*TASK BRIEF*: All of the entries should be restated word for word, but without their pictures.

┌─ SUPPLIED DATA

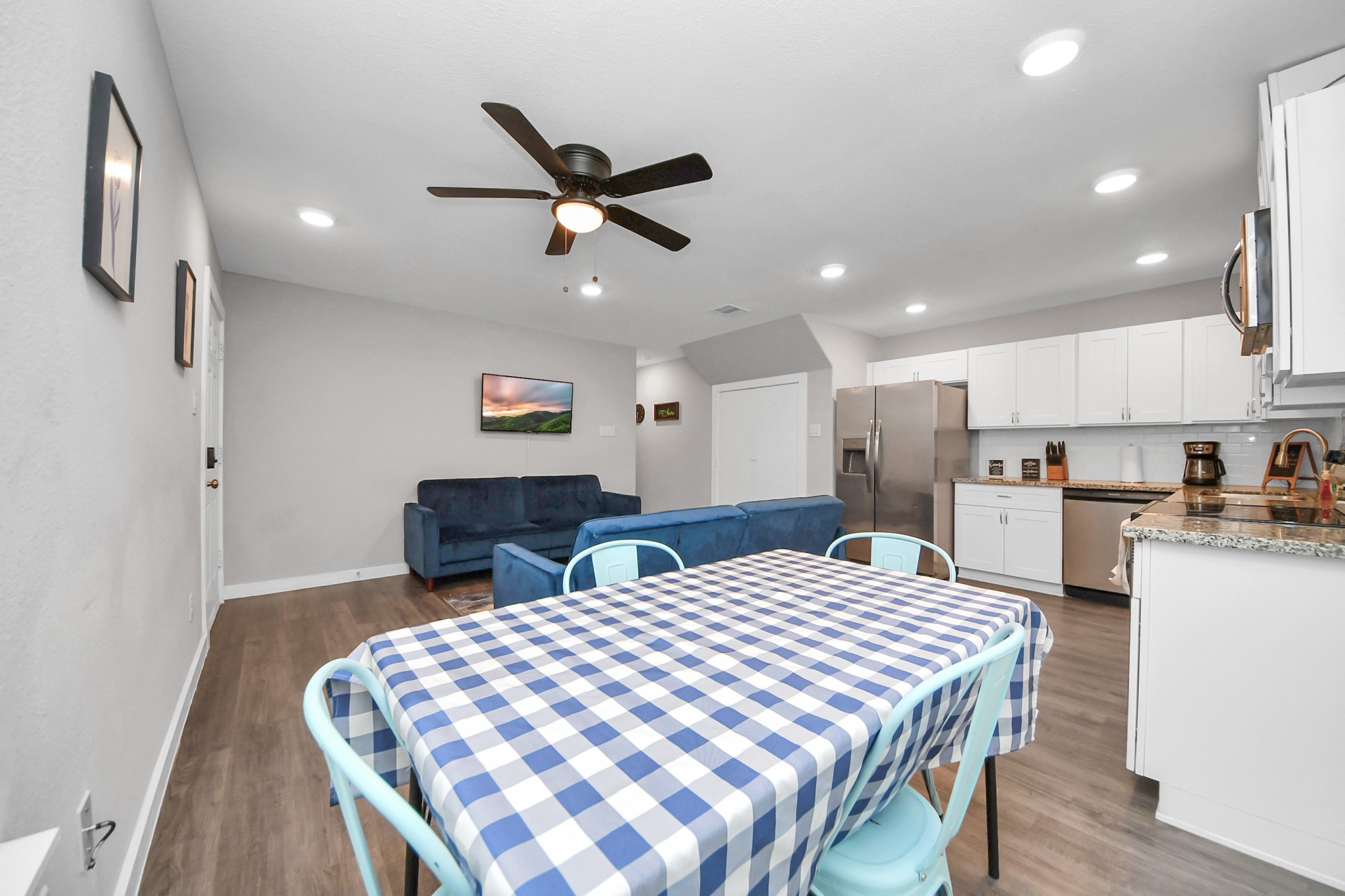 11610 Danford Lane B Property Photo 6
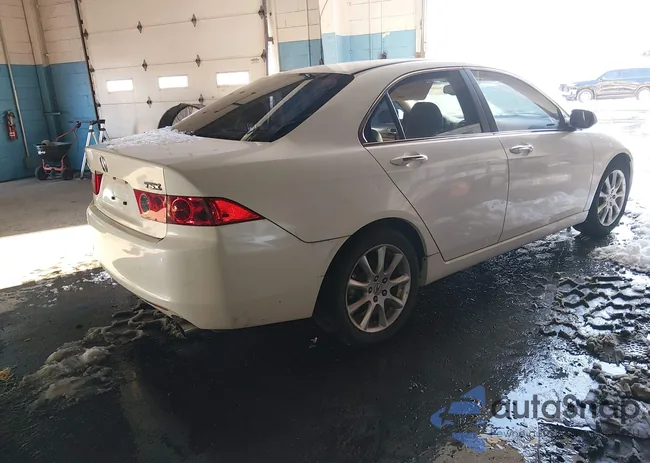 JH4CL96904C043304: 44429956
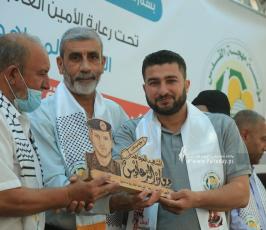 تكريم عوائل شهداء معركة سيف القدس (53)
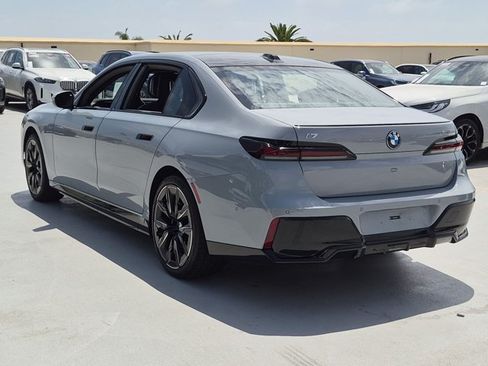 Used 2025 BMW i7 eDrive50 w/ M Sport Package RWD image 7
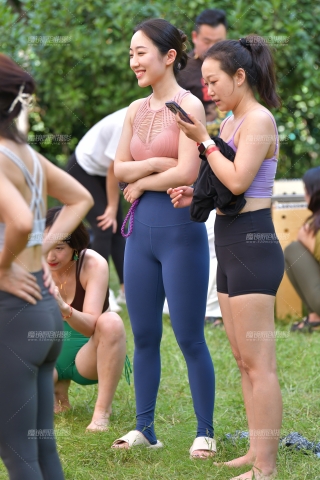 ★蓝色瑜伽紧身裤美女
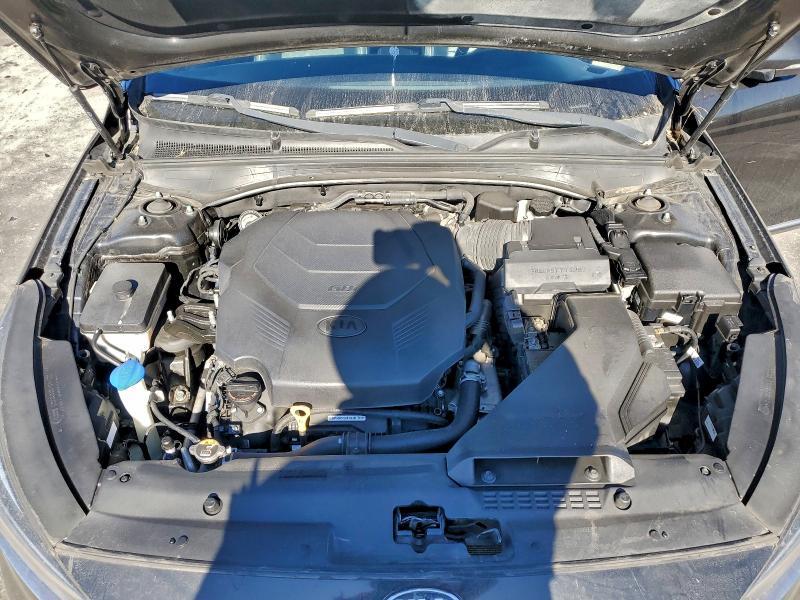 2018 KIA Cadenza Premium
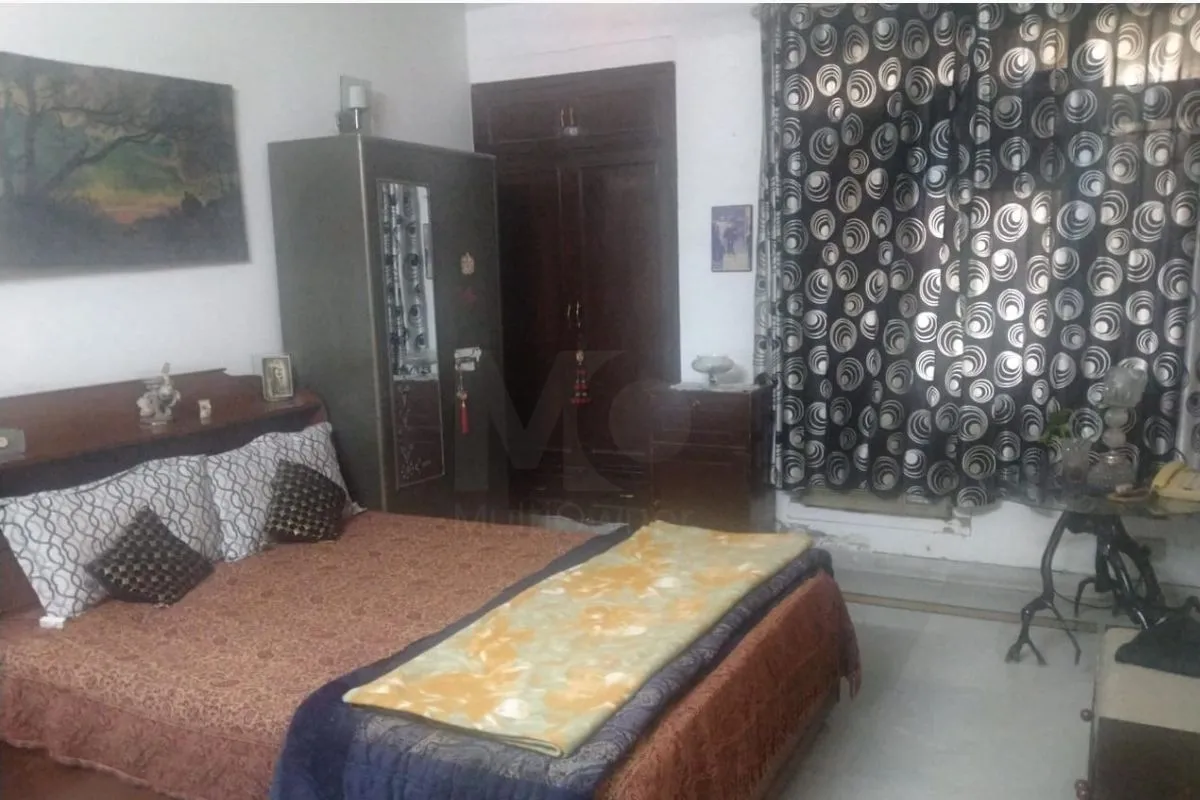 4 BHK in Noida 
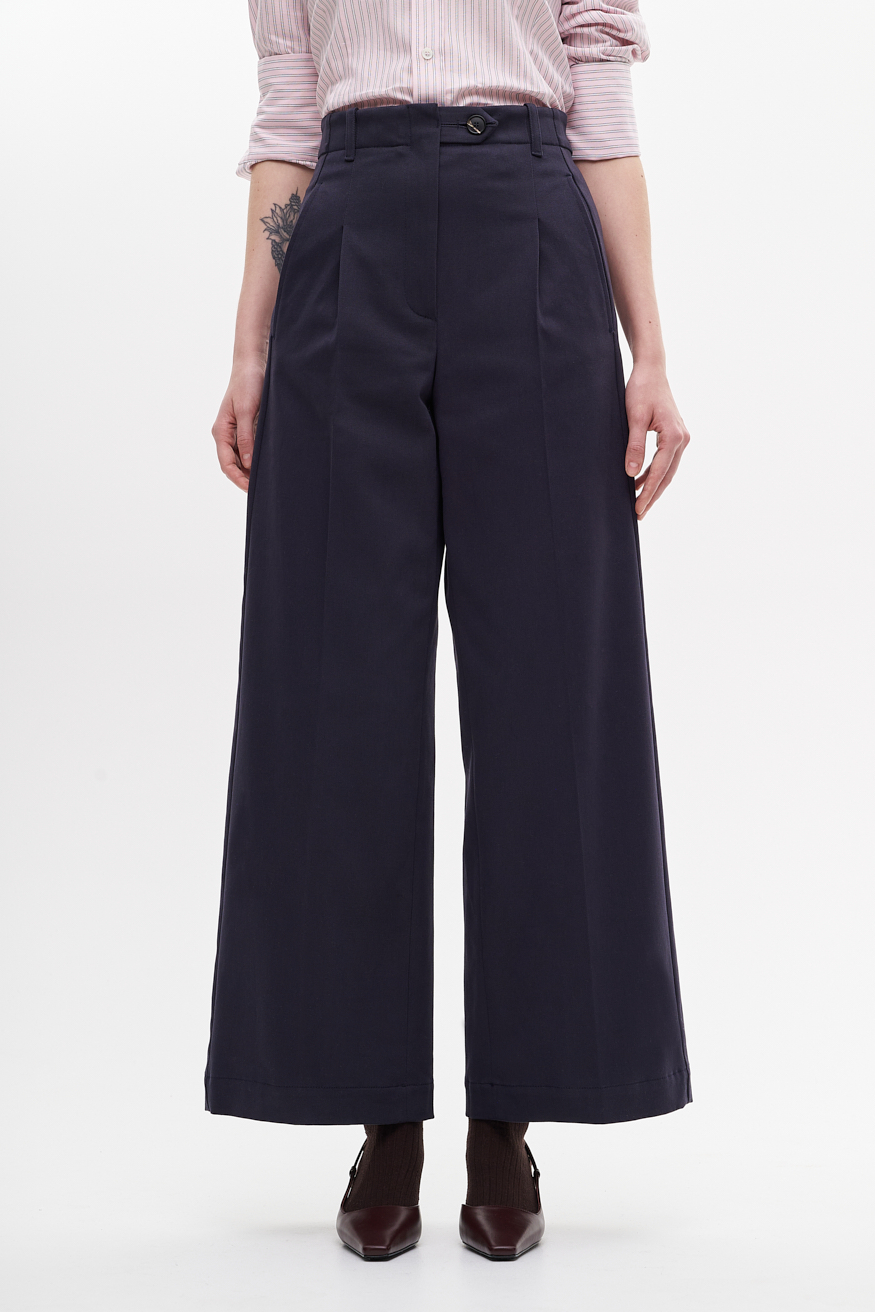 TELA Брюки прямого кроя из габардина оттенка navy blue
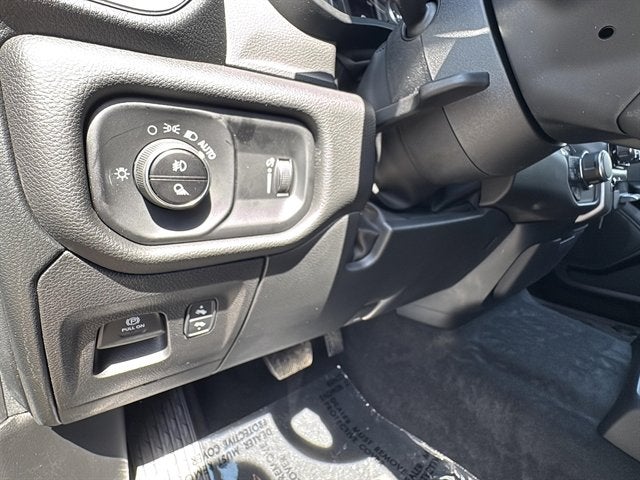 2025 RAM Ram 1500 RAM 1500 BIG HORN CREW CAB 4X4 5'7' BOX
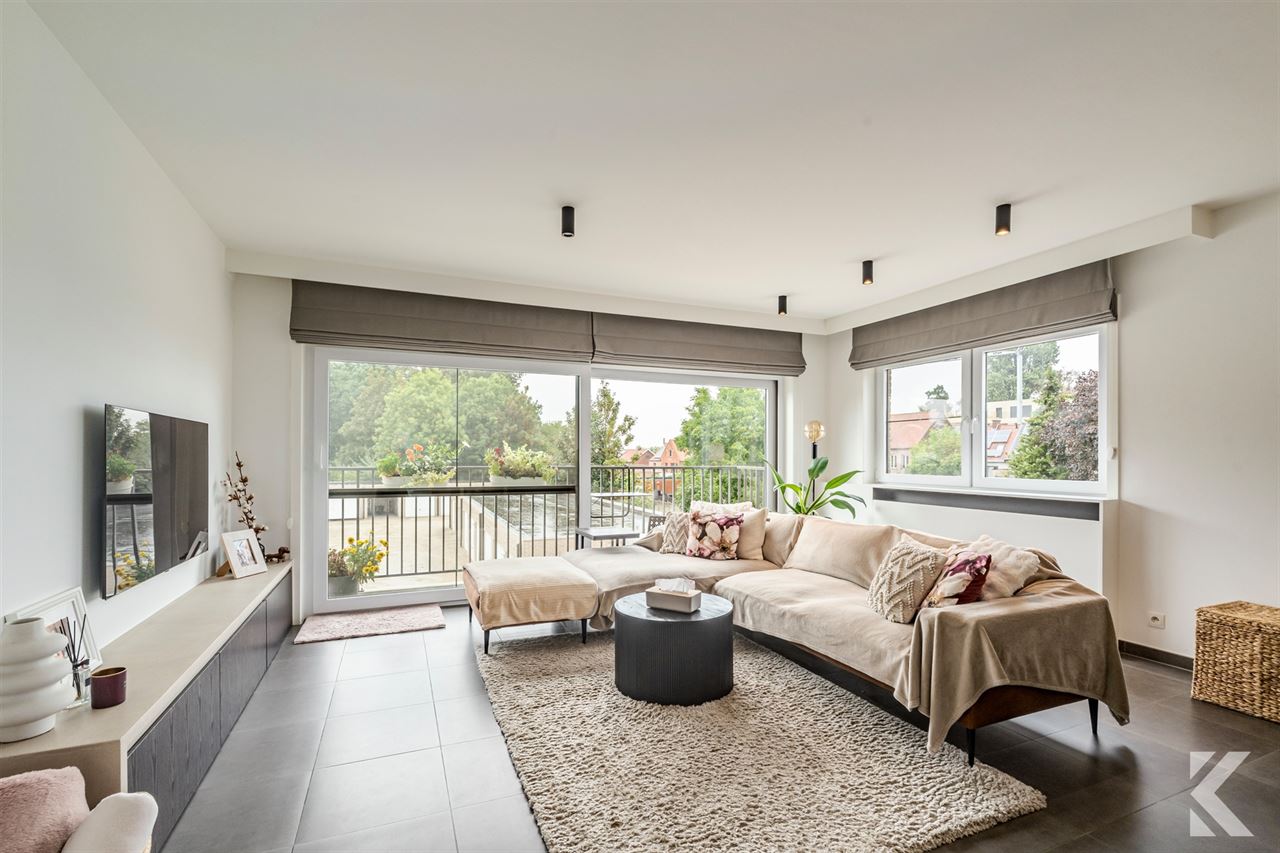 Lichtrijke duplex, 2 slpk., prachtige keuken & badkamer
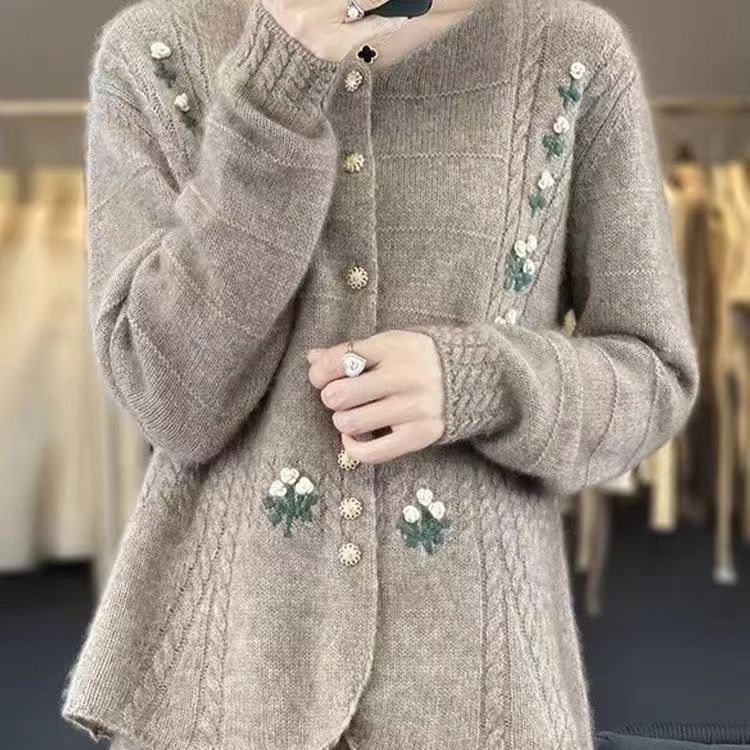 Damen Strickjacke mit floralen Stickereien Drune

└─

*WRITTEN SOLUTION*:
 11610 Danford Lane B Property Photo 6
 JH4CL96904C043304: 44429956
 تكريم عوائل شهداء معركة سيف القدس (53)
 Used 2025 BMW i7 eDrive50 w/ M Sport Package RWD image 7
 ★蓝色瑜伽紧身裤美女
 2018 KIA Cadenza Premium
 4 BHK in Noida 
 TELA Брюки прямого кроя из габардина оттенка navy blue
 2025 RAM Ram 1500 RAM 1500 BIG HORN CREW CAB 4X4 5'7' BOX
 Lichtrijke duplex, 2 slpk., prachtige keuken & badkamer
 Damen Strickjacke mit floralen Stickereien Drune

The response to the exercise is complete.